#### [THE PROBLEM]
Find "Раскраска Корова картинки" in the material, then return exactly the line containing it and all lines after it to the end, leaving out pictures.

#### [INPUT DATA]

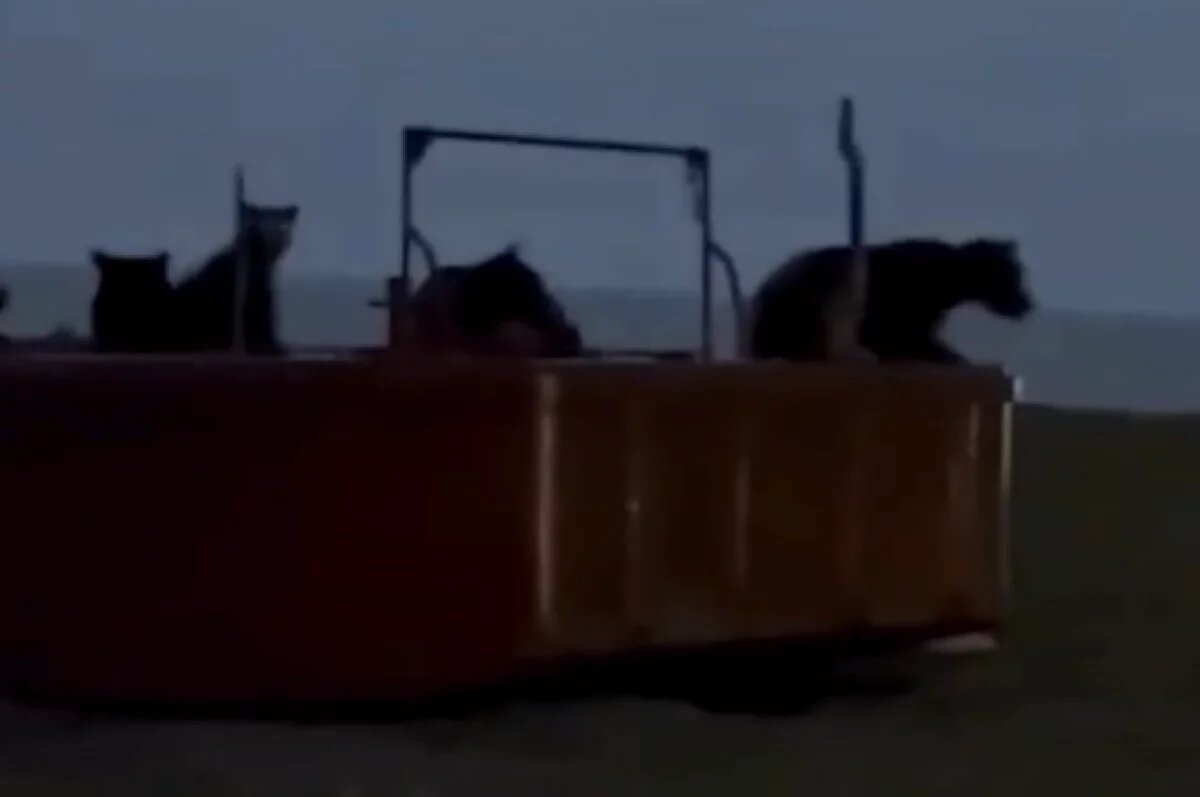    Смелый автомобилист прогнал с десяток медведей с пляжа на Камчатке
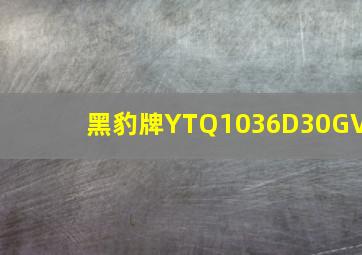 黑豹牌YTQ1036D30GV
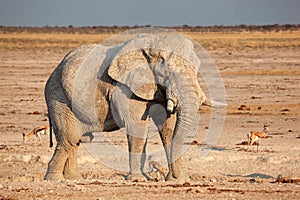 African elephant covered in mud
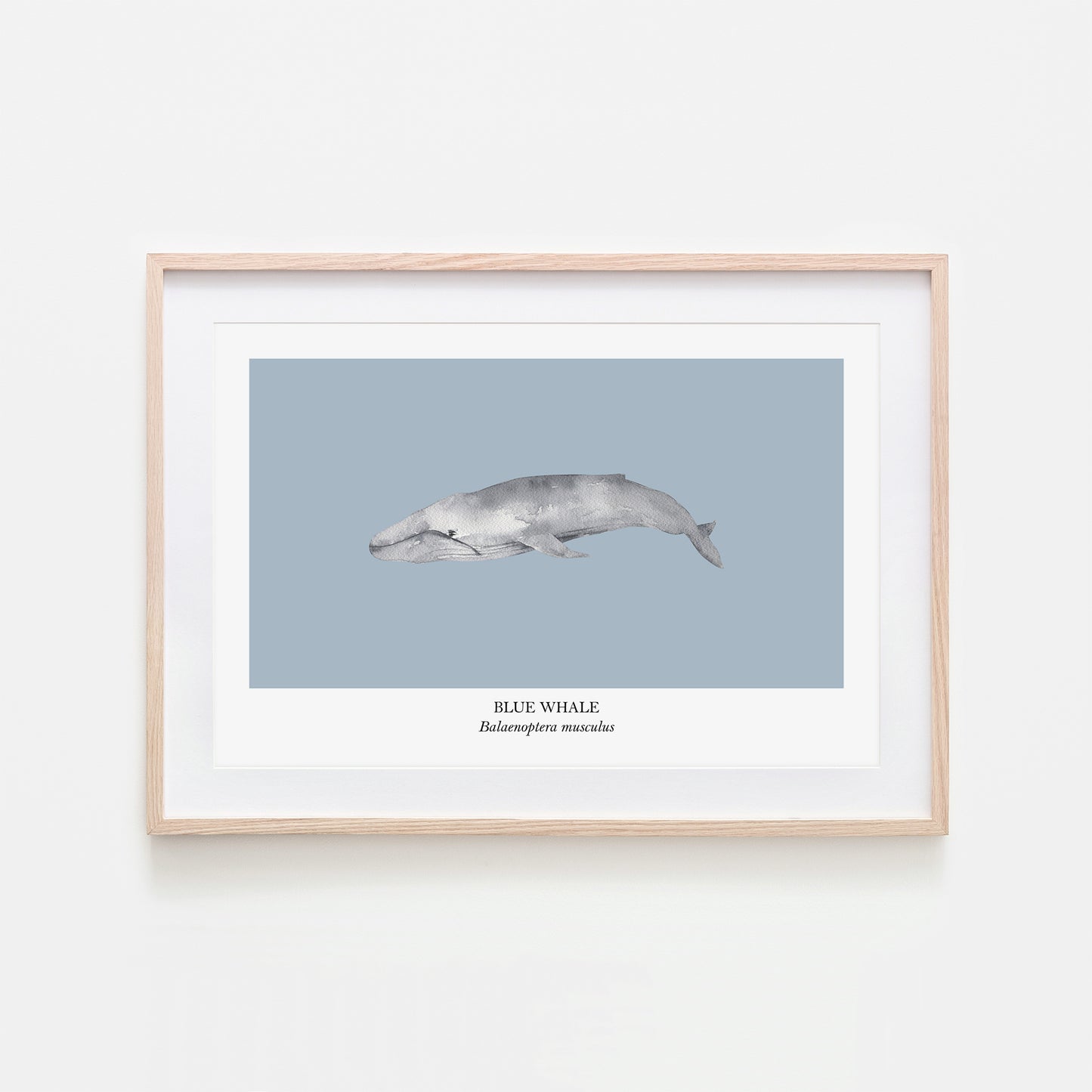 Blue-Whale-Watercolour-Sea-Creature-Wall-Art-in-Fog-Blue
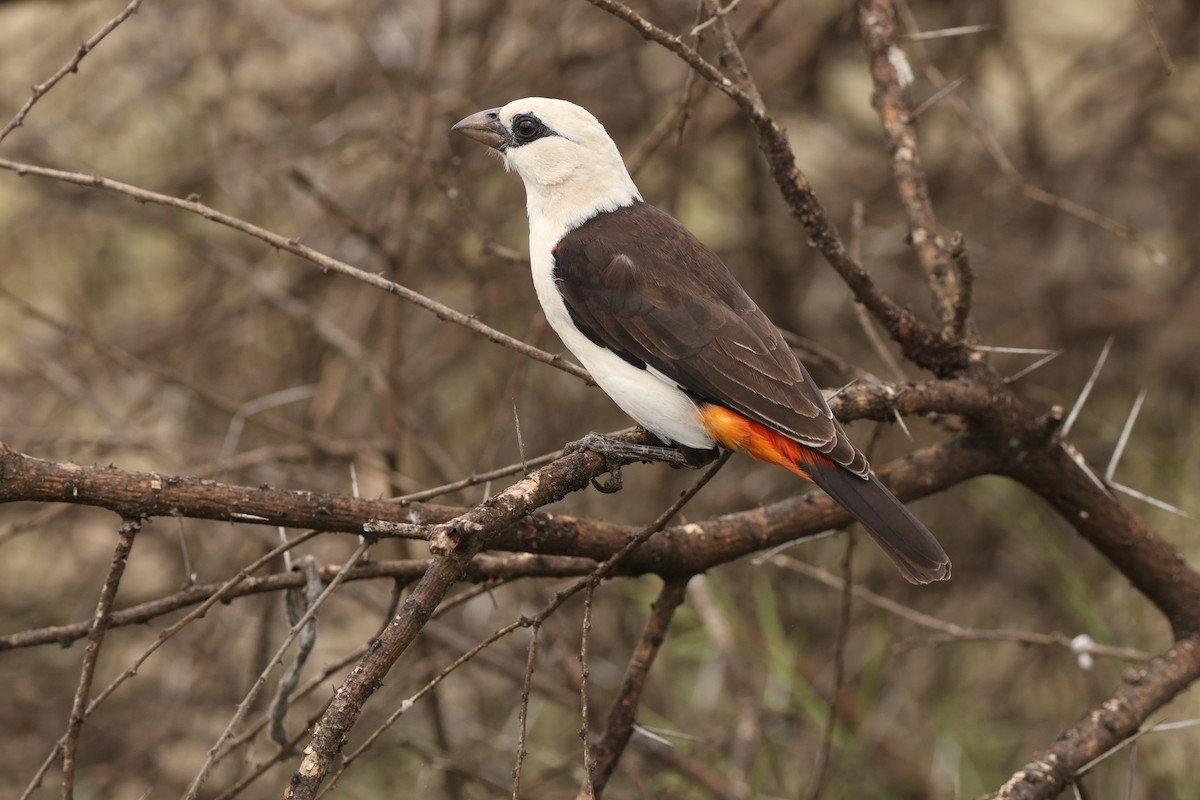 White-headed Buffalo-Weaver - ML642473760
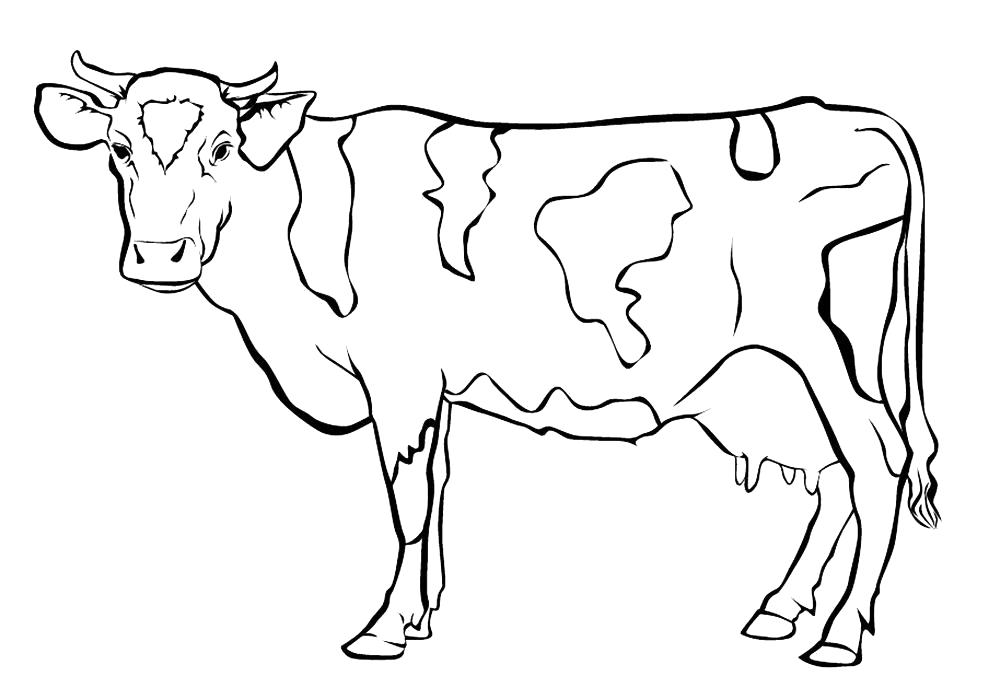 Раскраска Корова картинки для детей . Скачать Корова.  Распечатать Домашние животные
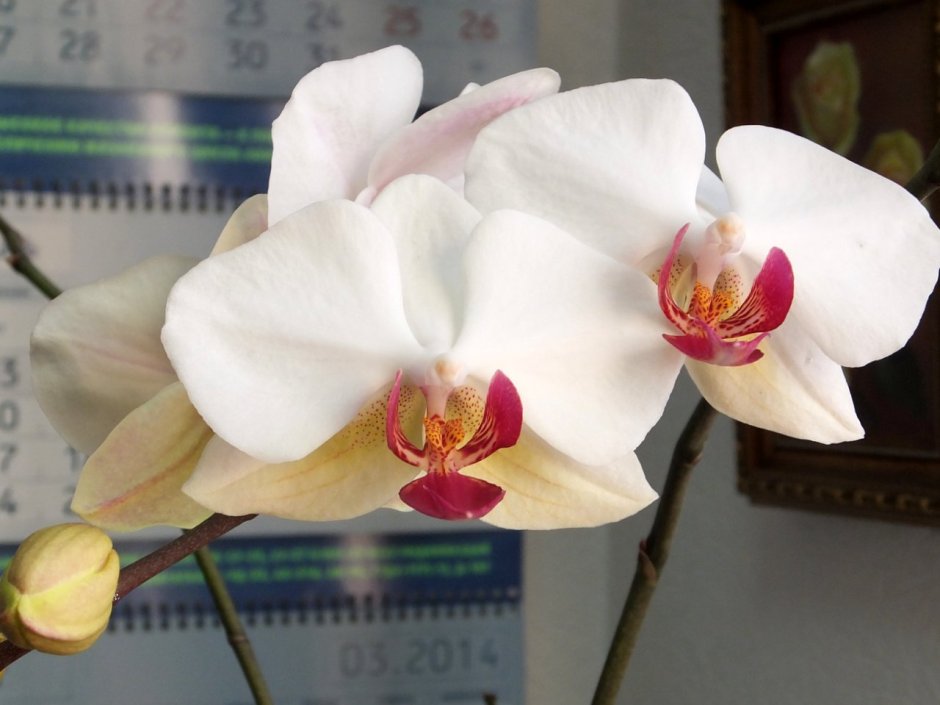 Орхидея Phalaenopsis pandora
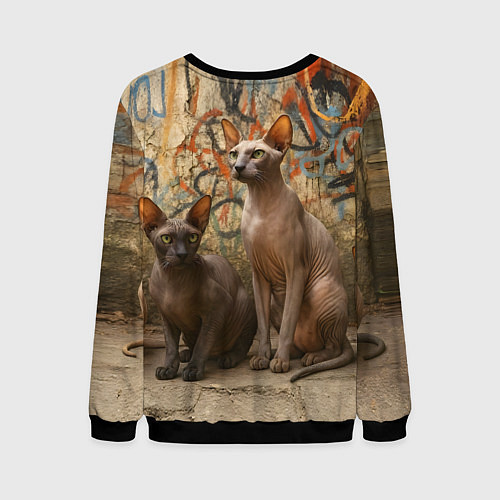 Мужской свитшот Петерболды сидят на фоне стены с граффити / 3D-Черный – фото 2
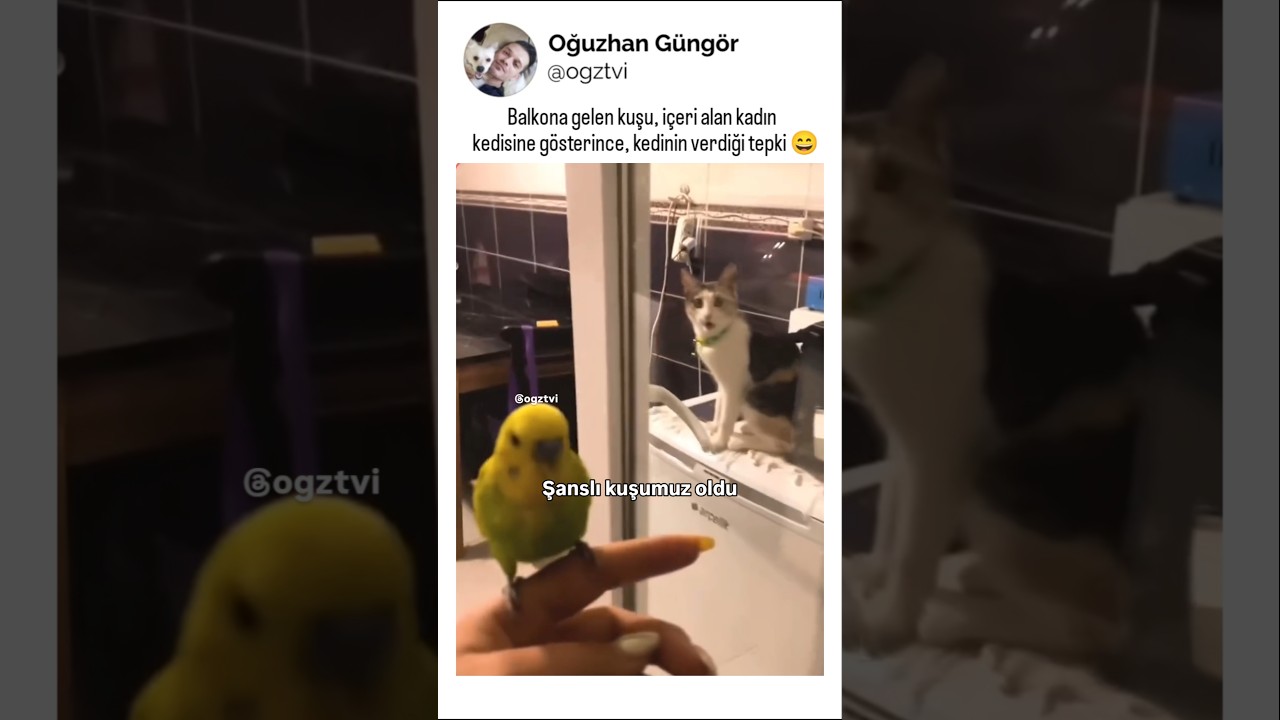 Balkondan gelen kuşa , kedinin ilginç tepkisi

#### [RESPONSE AREA]
 Раскраска Корова картинки для детей . Скачать Корова.  Распечатать Домашние животные
 Орхидея Phalaenopsis pandora
 Мужской свитшот Петерболды сидят на фоне стены с граффити / 3D-Черный – фото 2
 Balkondan gelen kuşa , kedinin ilginç tepkisi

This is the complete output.